WHAT IS BEING ASKED: What is needed is an exact copy of every line from the one containing "- Tiene 300 millones de años de evolución." through the end of the entries; please set it down without any pictures.

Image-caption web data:
..............................
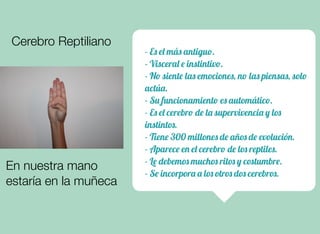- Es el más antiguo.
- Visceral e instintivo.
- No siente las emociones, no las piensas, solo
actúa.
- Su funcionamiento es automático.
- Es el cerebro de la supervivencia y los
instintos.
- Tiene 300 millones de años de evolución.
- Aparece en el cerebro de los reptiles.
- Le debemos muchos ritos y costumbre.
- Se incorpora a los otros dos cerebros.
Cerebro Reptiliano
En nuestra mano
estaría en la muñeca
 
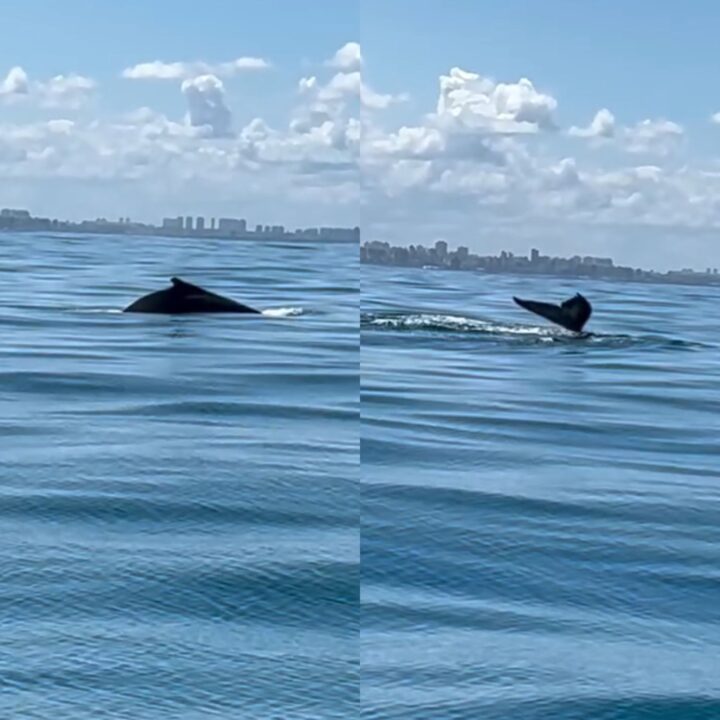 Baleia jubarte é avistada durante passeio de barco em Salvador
..............................
RESULT FOR THIS TASK:
- Tiene 300 millones de años de evolución.
- Aparece en el cerebro de los reptiles.
- Le debemos muchos ritos y costumbre.
- Se incorpora a los otros dos cerebros.
Cerebro Reptiliano
En nuestra mano
estaría en la muñeca
 
 Baleia jubarte é avistada durante passeio de barco em Salvador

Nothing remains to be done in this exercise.